Сестра, вдруг прыснув, уже выпроставшись из корсета постоянного страха, сказала:
– У него в кабинете, на двери – ты не помнишь, точно – висит карта мира. Он же так гордится, что он из Европы, – как будто бы лично руководил процессом, решал, где бы ему родиться. Как будто бы маленькая деревня в провинции – это Европа. В общем, он брал все время Соню на руки и подходил к этой карте. Смотри-и-и, говорил, смотри, дочка, вот из этой страны твой папа. И тыкал пальцем туда, где должна быть Австрия. Ее и не видно на карте, такая маленькая.
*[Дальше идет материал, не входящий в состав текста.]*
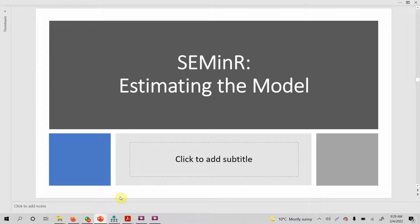Before going into detail on how to estimate the model in SEMinR, we are going to quickly review what we have done up until now, along with some other critical topics. Following this session, we are going to focus on how to use the PLS estimate function in R.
Потом еще походит-походит и опять к карте – смотри-и-и, вот из этой страны твой папа. Я слушала-слушала, а потом мне все-таки надоело, я подошла однажды и сказала: «Смотри, дочка, а вот из этой
Мы смеемся – как смеются над страхом, который оказался просто неумелым розыгрышем. И Герхард не кажется в этот момент ужасным, он не заставляет одним только именем своим застыть, будто вмерзнув в ледяную глыбу, а становится смешным и маленьким.
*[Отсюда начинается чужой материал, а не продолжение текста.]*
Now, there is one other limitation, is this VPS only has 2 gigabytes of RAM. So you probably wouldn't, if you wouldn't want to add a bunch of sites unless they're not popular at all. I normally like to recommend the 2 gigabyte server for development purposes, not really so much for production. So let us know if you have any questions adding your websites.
На дне бокала плещется еще чуть-чуть, но, чтобы допить, нужно с силой втянуть в себя через соломинку, неприлично чавкнув, – поэтому бокалы, пузатый ее и высокий, тонкостенный, мой, просто стоят посередине стола. Уже вовсе не предвещая таинство, не пряча магию – а просто одиноко. Обыкновенные пустые бокалы в обыкновенном венском баре.
– Пошли? – говорю я сестре.
– Пошли, – кивает она и в последний раз глядит туда, где, уже больше похожий на мешок в дорогом костюме, навис над барной стойкой наш новый знакомый. Без сожаления глядит, и улыбка прячется где-то, чуть угадываясь в изгибе, в уголке губ, где-то совсем глубоко.
Мы идем по ночной Вене – по улицам, освещенным лишь редкими окнами, за которыми не спят, как и мы, по переулкам, выводящим к речке Вена, которая выныривает неожиданно шумно, словно и не упрятана давным-давно под землю, словно не превратилась давно в ручей на дне каменного городского русла. Вот здесь, в этом отеле, когда-то я останавливалась, приезжая сюда туристом.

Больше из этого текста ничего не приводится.